Quel regard portes-tu aujourd’hui sur la trilogie “Appt.”, série de trois EP sortis courant 2021 ?
A l’époque, on récupérait seulement les chutes de studio qu’on décidait de sortir au fur et à mesure. Avec EDGE et YZLA, on avait des titres ensemble qu’on a publié à ce moment-là. Pendant le confinement, j’avais fait un morceau avec Esso Luxueux et Eff Gee, qui s’est retrouvé sur “Appt.404”. En y repensant, tout s’est fait sans vraie réflexion, contrairement à “Rien ne change”, qui résulte d’un travail vraiment approfondi. Ces EP m’ont permis de prendre la température et de savoir un peu plus vers où j’allais.
Tu es un artiste très référencé, aussi bien dans le rap français qu’aux USA. Quels sont les artistes qui t’ont le plus accompagné dans ta vie jusqu’à présent ?
J’ai été bercé par des choses que j’entendais quand j’étais petit : la Fonky Family, Doc Gyneco, le Wu-Tang Clan, Nas, etc. Ils m’ont éduqué au rap, comme l’ont aussi fait des 50 Cent ou la Mafia K’1 Fry. Après, j’ai évolué un peu avec le A$AP MOB, Kendrick Lamar et plein d’autres artistes français et anglophones. Et ça continue aujourd’hui, car on voit tous les jours de nouveaux artistes et de nouvelles propositions. Puis, mes gars écoutent beaucoup de musique, me font découvrir de nouvelles choses et vice-versa.
“Train de vie morne, presque banal. J’écoute encore Boss 2 Paname.”
Blunt
Le rap est-il venu à toi quand tu étais encore très jeune ?
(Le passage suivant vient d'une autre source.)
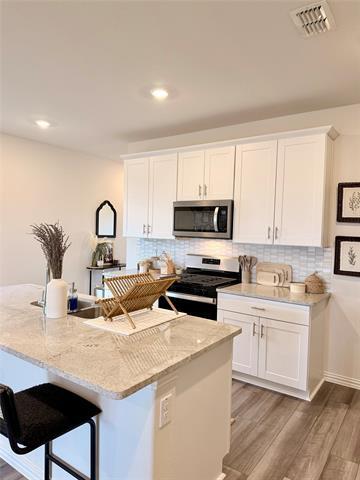 Building Photo - 1841 Ash Oak Ln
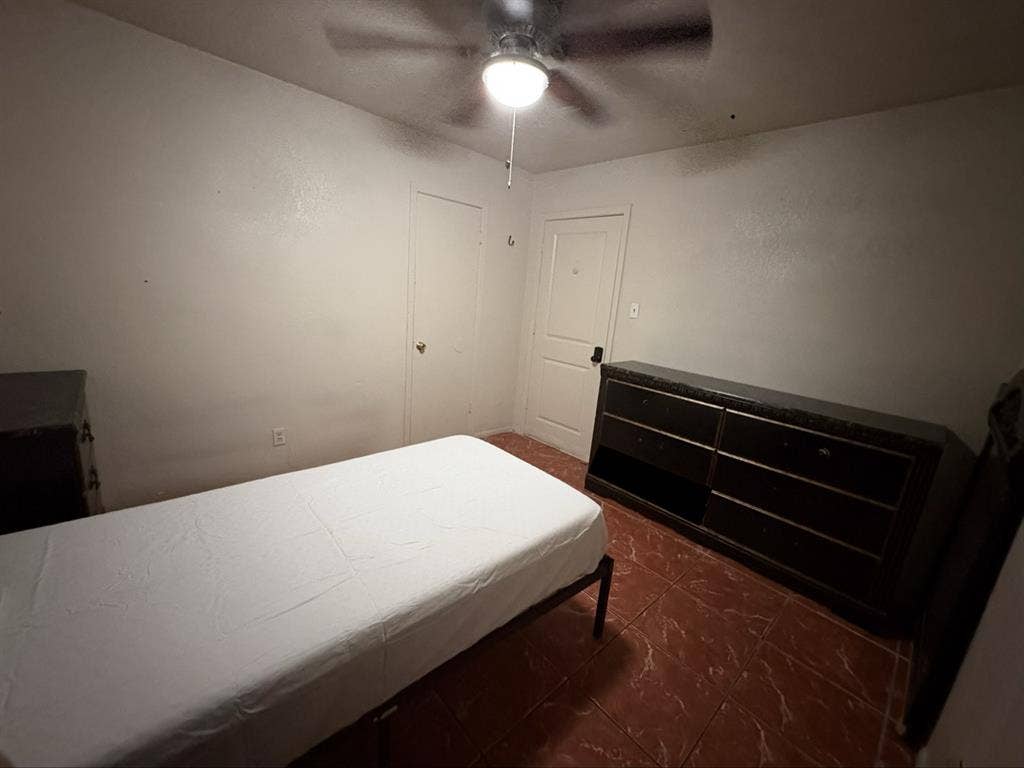 Rooms for rent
J’ai découvert le rap assez jeune, avec les références que je t’ai donné. Ma cousine écoutait Saïan Supa Crew, IAM et du rap US. Ma sœur, elle, écoutait du rap plus mainstream. Elle m’a fait découvrir des artistes comme Disiz et Eminem. Puis, j’ai aussi grandi avec d’autres choses que du rap, que ce soit de la chanson française, du rock, etc. Je me suis juste plus bousillé au rap, en fait.
Sur “6993”, morceau sur lequel sont invités Tedax Max et Ratu$, tu lances “Dix piges que t’es là, t’as même pas de classiques”. Quelle est la recette d’un classique du rap, selon toi ?
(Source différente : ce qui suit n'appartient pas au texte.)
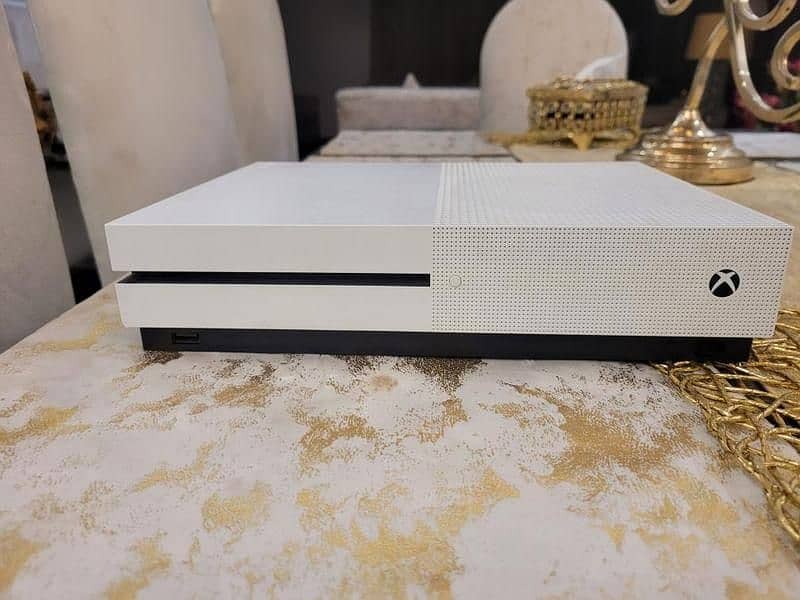 Xbox one s 1Tb SA edition 2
Je vais prendre un exemple proche de moi, à savoir Jazzy Bazz. Aujourd’hui, “64 mesures de spleen” clôt chacun de ses concerts, alors qu’il est sorti il y a dix ans. Un classique n’est pas questionnable, mais il peut exister à des échelles différentes. Certains artistes ont leurs classiques à eux, sans qu’ils apparaissent ensuite dans les classiques évidents du rap français. La question à se poser pour définir un classique, c’est de savoir si, avec le temps, le morceau est encore dans les oreilles des gens. Pour moi, le classique peut ne plus être actuel ou avoir mal vieilli. Et aussi, chaque auditeur a ses propres classiques.
Personnellement, as-tu l’ambition de faire un classique ?
J’aimerais bien qu’on retienne mes sons, et marquer mon temps aussi, dans un sens.
Pour revenir sur “6993”, comment le morceau s’est-il construit avec Tedax Max et Ratu$ ?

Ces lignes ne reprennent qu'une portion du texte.